Most Labour supporters don’t realise how muscular their own tradition will have to become to survive what’s coming

Sir Keir Starmer works during a flight to Brazil to attend the G20 summit. Photo: Stefan Rousseau/Getty

In 2016, Trump’s victory shocked me. I suddenly understood then that misogyny and racism had become permanently more powerful drugs than elite, liberal complacency. Still in my pyjamas, I penned a startled op-ed spelling out the consequences: “Globalisation is dead. The American superpower will die.”

This time around, eight years on, I was not surprised. Nor do I feel disoriented or deflated, but coolly determined to face out four more years of right wing chaos. 

We are in a global battle against ethno-nationalism and sexism mobilised in the service of a new oligarchic elite. We can win – but the reactionary populist wave will end only when the centre left correctly identifies what’s driving it, and alters its political priorities accordingly. 

It’s not just politicians who have to change. So do the routine thoughts and actions of the social group that holds progressive politics together: educated professional people who believe in tolerance, women’s rights, the international rule of law, a market regulated for social justice and the primacy of science over superstition – but have no strategy to convince those who don’t.

What’s driving the far right surge is, first, the failure of our economic model to deliver rising incomes and wellbeing to ordinary people; second, the determination of a Brahmin caste of economists and political advisers to ignore this fact; third, the obsessional desire by a super-liberal minority to police the language of everybody else, to the detriment of devoting any significant energy to addressing the socio-economic catastrophe being lived by everyone else.

In the heyday of neoliberalism – between, say, 1997 and 2008 – the globalised free market system looked like a positive sum game, domestically and internationally. The promise was that we in the west would do the brain work while the workers of China, Bangladesh and Mexico would make stuff. The west would borrow and consume; Asia would produce and save.

It was an illusion based on the assumption that credit would be cheap for ever, that climate change could be managed technocratically, and that the authoritarian giants – Russia, China – would never seriously challenge the rules-based global order. Those assumptions were destroyed between 2008 and 2018 and, since then, western political elites have been forever one step behind the crisis – clinging to rules, assumptions and norms of behaviour that no longer work.

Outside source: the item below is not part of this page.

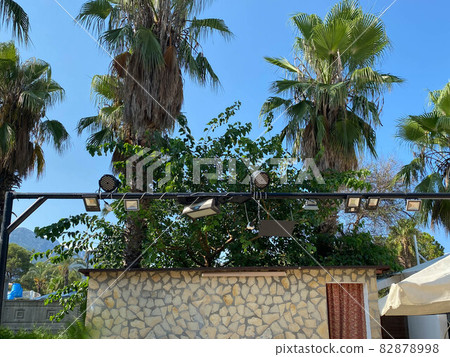 Audio visual scaffolding with concert spotlights and speakers, at an outdoor music festival, with a palm tree and blue sky in the background, and space for text on left 82878998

Today both global and domestic economics have become, quite tangibly, a zero-sum game. Hundreds of millions of voters understand that when someone else wins, they lose – whether they’re in competition with migrants in the jobs market, with foreign students for university places, or – at the macro level – with China in the race for technological innovation.

That’s why the right has so easily been able to turn “diversity” into a swear word. That’s why they have so easily mobilised the small-town, poorly-educated working class around a sub-culture of misogyny and hostility towards minorities.

Trump won because, when people are feeling insecure, a finger pointed at irregular migrants is more powerful than a homily to truth and goodness by a super-rich person called Beyoncé. 

In response, the centre and the left have to converge on a politics that acknowledges the zero-sum character of the current system, and charts a path towards a new kind of positive-sum game, based on high productivity and cheap, renewable energy. That won’t be easy, given climate change and the heavily indebted nature of most developed-world states.

In a zero-sum world, if China gains, we in the west lose. In a zero-sum world the imperatives of fighting climate change need to be balanced against the economic costs of the transition borne by working people. In a zero-sum world, inward migration to countries with stressed housing and healthcare systems does not automatically lead to people celebrating diversity. It generates, instead, the kind of meanness and selfishness you will hear on every talk show and internet forum.

As in the 1930s, the far right’s ideology has staggering logical consistency. It doesn’t matter, for now, that their every action fails. Brexit tanked the incomes of farmers, while climate change has hammered their crop yields. But these major hirers of migrant labour are still on the streets applauding Nigel Farage in his Barbour jacket because he “talks sense”.

In response, the centre left – here, in the USA and in Europe – needs to evolve a tougher form of liberalism. It must recognise the need for borders; it must calculate the benefits of economic migration according to the self-interest of the resident population; it must take on and smash organised crime; and it must break completely with the secular religion of gestural wokeness.

Who gets this? Not the American left – who spent a year parading across campuses accusing Joe Biden and Kamala Harris of genocide rather than campaigning for a Democratic victory.

In Britain, not the Greens and not the small remaining caucus of Labour left MPs – who seem to spend every waking hour ticking boxes for causes with zero relevance to defeating the right. 

The person who gets it, after a long false start, is Keir Starmer. He is reshaping Labour into a party of delivery – in the full knowledge that headline growth means nothing if your family income is stagnating; and that hiring 13,000 extra police will mean nothing unless the public starts to see crime and antisocial behaviour suppressed.

Starmer has been able to rapidly refocus Labour’s operation in power because, unlike Biden, Harris or Emmanuel Macron, he runs a party machine rooted in working-class reality. Don’t want a solar farm or a waste incinerator in your Tory-run county? Tell that to Angie Rayner, the working-class woman from Stockport.

I know that Kemi Badenoch is calling for a “muscular” liberalism and a muscular form of conservatism. But even now, most Labour supporters don’t realise how muscular and demotic their own tradition will have to become to survive what’s coming.